After his pleasingly goofy turn in Singles, Matt Dillon took an even deeper plunge into romantic comedy and made an engaging leading man in Anthony Minghella's follow-up to Truly Madly Deeply.
A financially stretched electrical power company worker in Brooklyn who's so desperate to rid himself of alimony payments that he determines to find a new husband for his ex-wife, Dillon's Gus is abetted by his girlfriend (Parker) and encouraged by his co-workers (including Dan Hedaya) with whom he shares the dream of buying a bowling alley. But ex-wife Lee (Sciorra) is putting herself through university with her alimony, and is too embroiled with married professor Hurt to muster much enthusiasm for the dates Gus digs up.

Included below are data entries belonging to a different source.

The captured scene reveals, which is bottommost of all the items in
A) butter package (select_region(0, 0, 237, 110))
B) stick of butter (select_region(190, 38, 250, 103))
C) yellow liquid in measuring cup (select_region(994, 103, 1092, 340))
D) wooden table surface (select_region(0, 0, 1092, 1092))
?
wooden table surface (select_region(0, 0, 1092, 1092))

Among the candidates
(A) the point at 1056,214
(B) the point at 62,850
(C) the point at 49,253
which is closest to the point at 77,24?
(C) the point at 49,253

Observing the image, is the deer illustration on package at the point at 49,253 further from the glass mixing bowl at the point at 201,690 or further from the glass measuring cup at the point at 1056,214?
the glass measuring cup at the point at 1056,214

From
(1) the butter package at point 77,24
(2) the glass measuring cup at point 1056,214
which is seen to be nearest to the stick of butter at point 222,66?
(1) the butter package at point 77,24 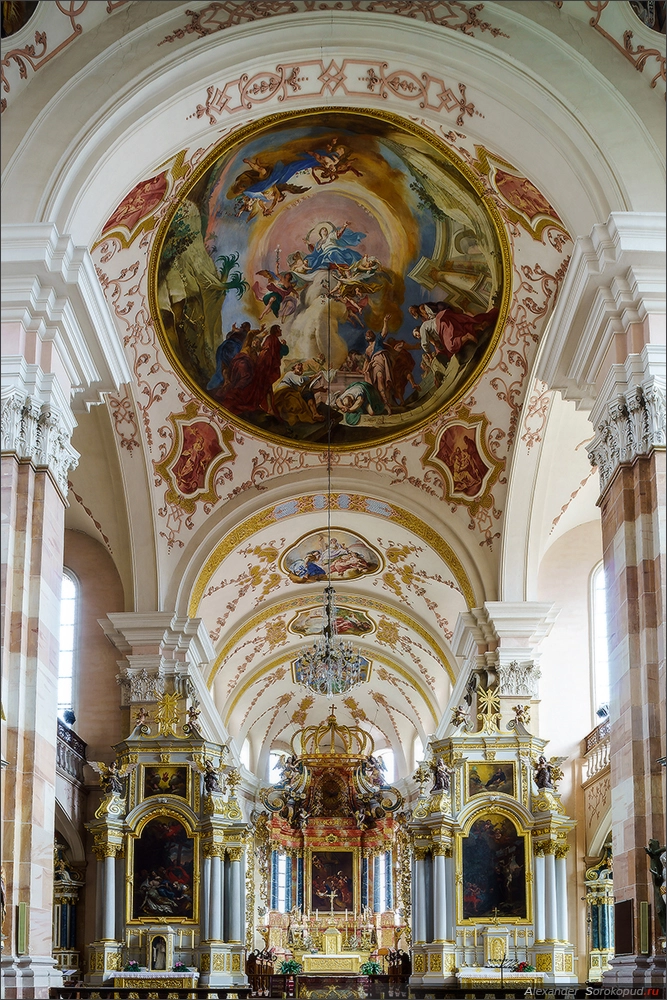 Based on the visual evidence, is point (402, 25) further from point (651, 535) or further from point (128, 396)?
point (128, 396)

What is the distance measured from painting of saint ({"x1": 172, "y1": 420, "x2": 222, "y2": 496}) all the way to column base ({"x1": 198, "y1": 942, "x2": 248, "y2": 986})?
22.9 feet

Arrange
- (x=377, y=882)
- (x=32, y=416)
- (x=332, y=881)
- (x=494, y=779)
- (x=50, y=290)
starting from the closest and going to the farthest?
(x=32, y=416)
(x=50, y=290)
(x=494, y=779)
(x=332, y=881)
(x=377, y=882)

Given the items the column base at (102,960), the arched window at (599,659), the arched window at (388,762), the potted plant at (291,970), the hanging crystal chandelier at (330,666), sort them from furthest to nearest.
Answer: the arched window at (388,762)
the potted plant at (291,970)
the arched window at (599,659)
the hanging crystal chandelier at (330,666)
the column base at (102,960)

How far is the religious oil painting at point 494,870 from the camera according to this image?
19.5 meters

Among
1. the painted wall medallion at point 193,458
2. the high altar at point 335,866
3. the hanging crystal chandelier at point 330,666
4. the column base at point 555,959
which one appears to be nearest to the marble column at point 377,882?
the high altar at point 335,866

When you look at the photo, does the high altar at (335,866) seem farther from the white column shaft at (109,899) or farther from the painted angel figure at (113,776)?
the white column shaft at (109,899)

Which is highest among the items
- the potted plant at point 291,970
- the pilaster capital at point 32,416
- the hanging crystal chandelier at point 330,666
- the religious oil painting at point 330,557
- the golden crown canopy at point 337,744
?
the religious oil painting at point 330,557

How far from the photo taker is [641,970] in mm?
10680

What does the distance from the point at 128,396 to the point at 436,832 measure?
8.37 meters

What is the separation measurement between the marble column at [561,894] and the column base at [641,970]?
8122 millimetres

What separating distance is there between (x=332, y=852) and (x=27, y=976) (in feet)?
91.4

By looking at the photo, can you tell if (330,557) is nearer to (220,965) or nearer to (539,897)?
(539,897)

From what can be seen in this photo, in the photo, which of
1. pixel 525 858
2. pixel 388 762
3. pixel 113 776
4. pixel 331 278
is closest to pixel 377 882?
pixel 388 762

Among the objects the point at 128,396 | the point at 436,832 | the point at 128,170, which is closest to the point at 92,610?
the point at 128,396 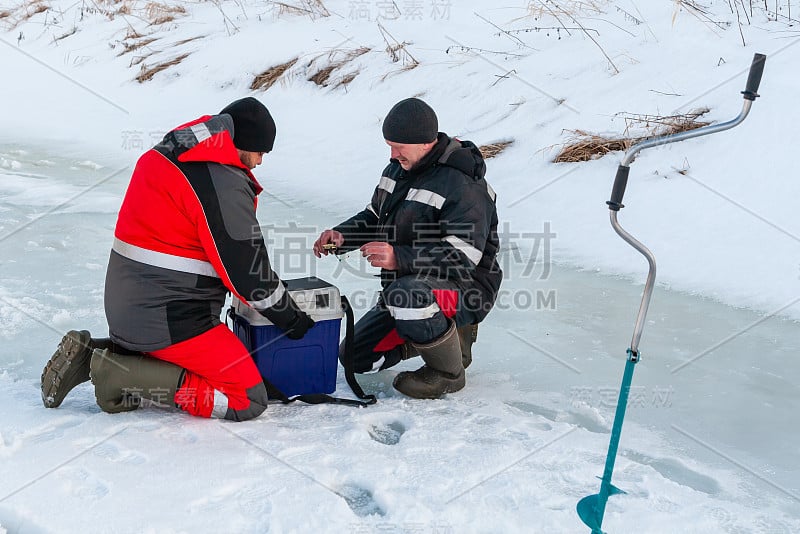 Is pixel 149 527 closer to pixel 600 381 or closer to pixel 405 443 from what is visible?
pixel 405 443

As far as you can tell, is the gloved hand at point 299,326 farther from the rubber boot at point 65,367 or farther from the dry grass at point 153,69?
the dry grass at point 153,69

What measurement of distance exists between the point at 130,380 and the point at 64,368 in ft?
0.73

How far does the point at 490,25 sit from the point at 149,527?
6470 mm

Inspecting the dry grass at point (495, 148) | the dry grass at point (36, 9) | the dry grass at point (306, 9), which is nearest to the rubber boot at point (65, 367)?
the dry grass at point (495, 148)

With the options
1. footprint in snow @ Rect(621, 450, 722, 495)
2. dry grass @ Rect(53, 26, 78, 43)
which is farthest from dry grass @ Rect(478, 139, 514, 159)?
dry grass @ Rect(53, 26, 78, 43)

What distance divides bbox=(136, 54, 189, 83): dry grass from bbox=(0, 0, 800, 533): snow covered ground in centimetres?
22

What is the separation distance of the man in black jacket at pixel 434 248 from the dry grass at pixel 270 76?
523 centimetres

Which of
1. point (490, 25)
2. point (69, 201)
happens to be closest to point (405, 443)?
point (69, 201)

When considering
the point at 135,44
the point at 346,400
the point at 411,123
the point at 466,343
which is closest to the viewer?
the point at 346,400

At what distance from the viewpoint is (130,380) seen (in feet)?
8.21

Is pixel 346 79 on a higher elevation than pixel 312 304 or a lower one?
higher

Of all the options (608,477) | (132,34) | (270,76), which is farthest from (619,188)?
(132,34)

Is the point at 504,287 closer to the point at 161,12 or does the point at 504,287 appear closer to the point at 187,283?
the point at 187,283

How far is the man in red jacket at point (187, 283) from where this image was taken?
95.0 inches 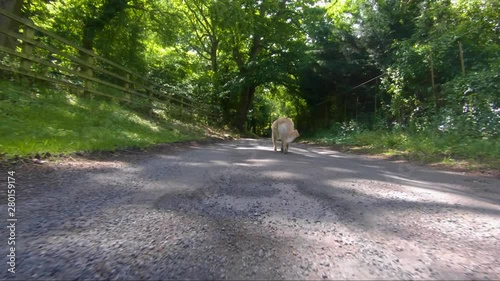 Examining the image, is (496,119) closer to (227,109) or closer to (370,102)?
(370,102)

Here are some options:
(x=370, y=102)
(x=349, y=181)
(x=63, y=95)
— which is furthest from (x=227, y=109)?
(x=349, y=181)

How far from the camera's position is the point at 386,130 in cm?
1413

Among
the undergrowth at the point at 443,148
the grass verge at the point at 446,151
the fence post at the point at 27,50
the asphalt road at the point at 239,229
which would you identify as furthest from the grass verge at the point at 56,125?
the undergrowth at the point at 443,148

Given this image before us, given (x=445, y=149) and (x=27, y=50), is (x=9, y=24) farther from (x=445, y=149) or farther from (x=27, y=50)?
(x=445, y=149)

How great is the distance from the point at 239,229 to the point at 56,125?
5116mm

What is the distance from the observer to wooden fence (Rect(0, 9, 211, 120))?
6.97m

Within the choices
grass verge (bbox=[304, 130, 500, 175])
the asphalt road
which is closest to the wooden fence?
the asphalt road

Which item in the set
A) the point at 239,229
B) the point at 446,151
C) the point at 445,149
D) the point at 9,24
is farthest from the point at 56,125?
the point at 445,149

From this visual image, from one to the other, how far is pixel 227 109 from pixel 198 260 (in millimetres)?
24802

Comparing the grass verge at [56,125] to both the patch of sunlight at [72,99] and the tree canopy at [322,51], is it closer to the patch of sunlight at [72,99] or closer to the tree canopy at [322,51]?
the patch of sunlight at [72,99]

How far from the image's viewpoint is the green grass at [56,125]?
467cm

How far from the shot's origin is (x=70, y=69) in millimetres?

It's a cute idea, amiably executed, with a strong ensemble (Hurt is particularly amusing as the nauseating two-timer who parades his cultivation bearing croissants, poetry and Shakespeare on video to the touchingly admiring Sciorra). But Minghella's ambitious intention of embracing real people with believable hopes, dreams and resentments puts the film in uneasy territory. As romantic comedy it's flimsy, light on good laughs and dependent on a female lead who even the reliable Sciorra has difficulty in making warm. And while it is plausible that everyone here cannot have what or whom they want, and not everyone deserves what they get, this sits unhappily alongside the only-in-the-movies romantic denouement to which all must defer.
Sweet and largely unsentimental, this has most appeal for people who like romance grounded in realism, but it will only lightly mollify those looking for a joke-riddled, "if only" affair like, say, Sleepless In Seattle.